TASK DETAILS: In the records below, reproduce exactly the lines from the one containing "von Ornamenten., Buch" through the one containing "Silly Dog Designs", both included, and omit the pictures.

EXERCISE DATA:

--- START ---

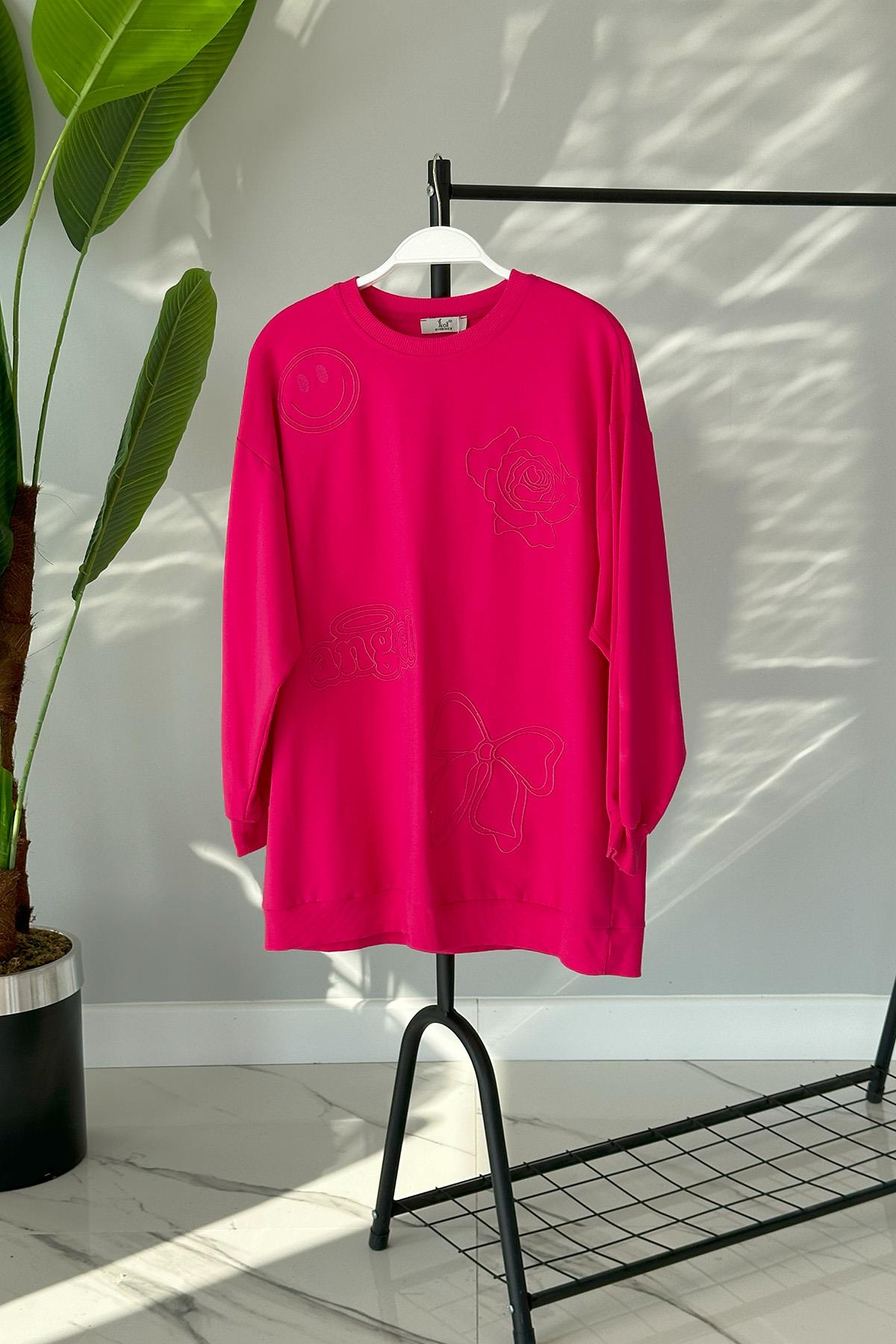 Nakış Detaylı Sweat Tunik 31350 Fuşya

--- END ---
--- START ---

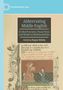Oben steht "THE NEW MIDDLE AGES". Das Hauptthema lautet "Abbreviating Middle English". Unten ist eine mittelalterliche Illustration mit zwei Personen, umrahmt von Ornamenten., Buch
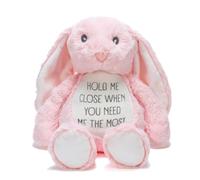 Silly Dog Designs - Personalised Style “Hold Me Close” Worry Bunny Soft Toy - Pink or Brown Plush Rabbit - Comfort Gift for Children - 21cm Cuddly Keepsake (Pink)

--- END ---
--- START ---

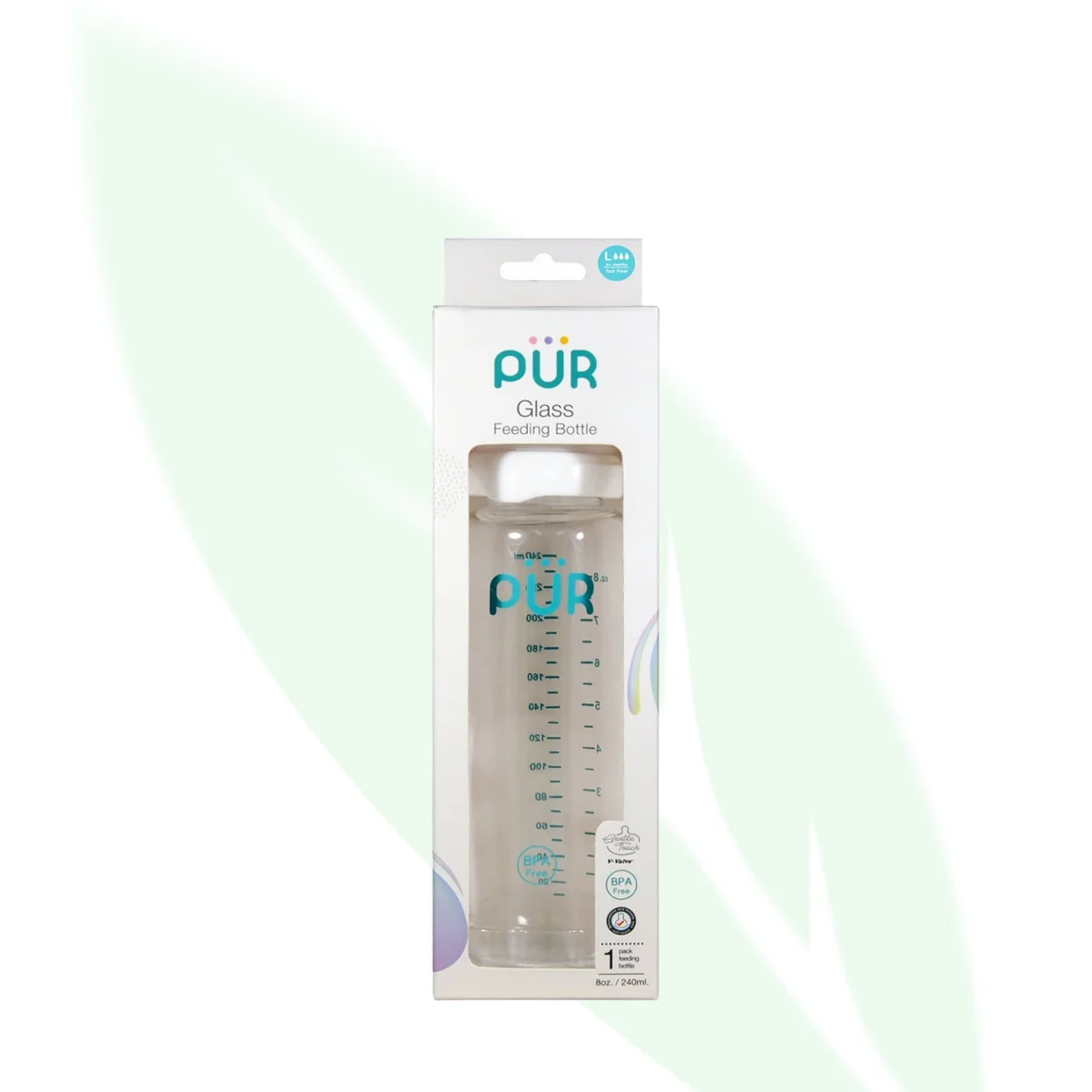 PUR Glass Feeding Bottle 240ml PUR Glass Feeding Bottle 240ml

--- END ---

TASK SOLUTION:
Oben steht "THE NEW MIDDLE AGES". Das Hauptthema lautet "Abbreviating Middle English". Unten ist eine mittelalterliche Illustration mit zwei Personen, umrahmt von Ornamenten., Buch
 Silly Dog Designs - Personalised Style “Hold Me Close” Worry Bunny Soft Toy - Pink or Brown Plush Rabbit - Comfort Gift for Children - 21cm Cuddly Keepsake (Pink)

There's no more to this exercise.